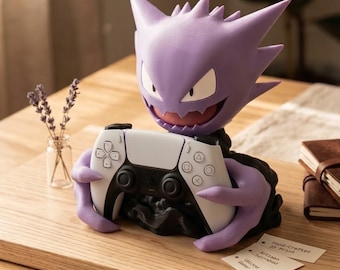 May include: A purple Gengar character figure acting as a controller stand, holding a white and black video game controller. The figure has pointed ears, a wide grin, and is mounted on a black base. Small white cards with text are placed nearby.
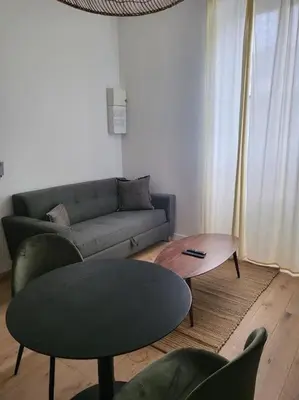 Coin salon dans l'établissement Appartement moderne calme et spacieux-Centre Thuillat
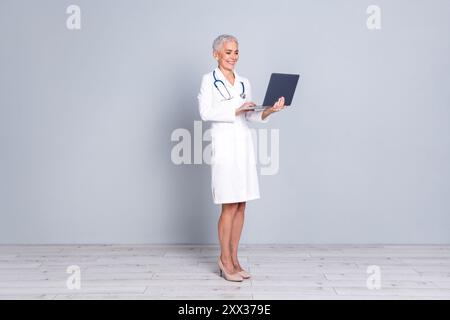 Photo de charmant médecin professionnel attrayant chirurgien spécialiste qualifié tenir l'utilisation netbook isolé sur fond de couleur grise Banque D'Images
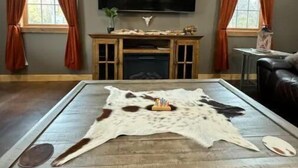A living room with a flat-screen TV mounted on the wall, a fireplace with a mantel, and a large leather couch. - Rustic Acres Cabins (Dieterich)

==

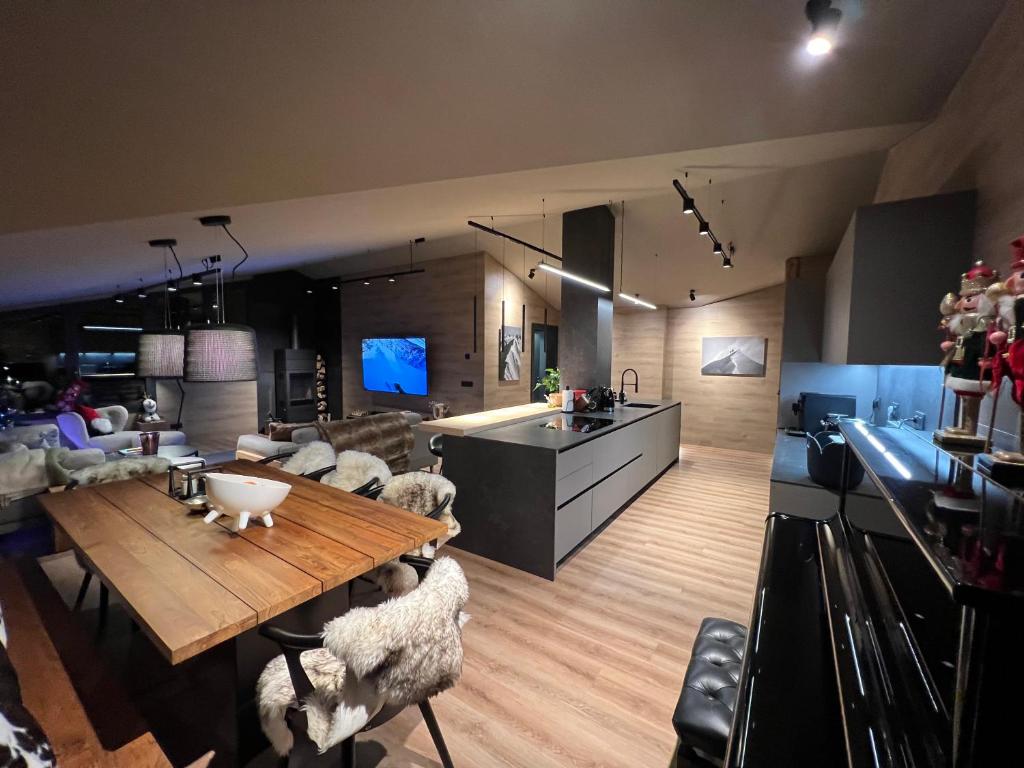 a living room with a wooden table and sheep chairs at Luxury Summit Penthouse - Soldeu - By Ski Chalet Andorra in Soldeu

▶ Work to be completed
Return exactly the part of the listing above that opens with the line containing "May include: A" and closes with the line containing "A living room with a flat-screen". Pictures stay out.

▶ Solution
 May include: A purple Gengar character figure acting as a controller stand, holding a white and black video game controller. The figure has pointed ears, a wide grin, and is mounted on a black base. Small white cards with text are placed nearby.
 Coin salon dans l'établissement Appartement moderne calme et spacieux-Centre Thuillat
 Photo de charmant médecin professionnel attrayant chirurgien spécialiste qualifié tenir l'utilisation netbook isolé sur fond de couleur grise Banque D'Images
A living room with a flat-screen TV mounted on the wall, a fireplace with a mantel, and a large leather couch. - Rustic Acres Cabins (Dieterich)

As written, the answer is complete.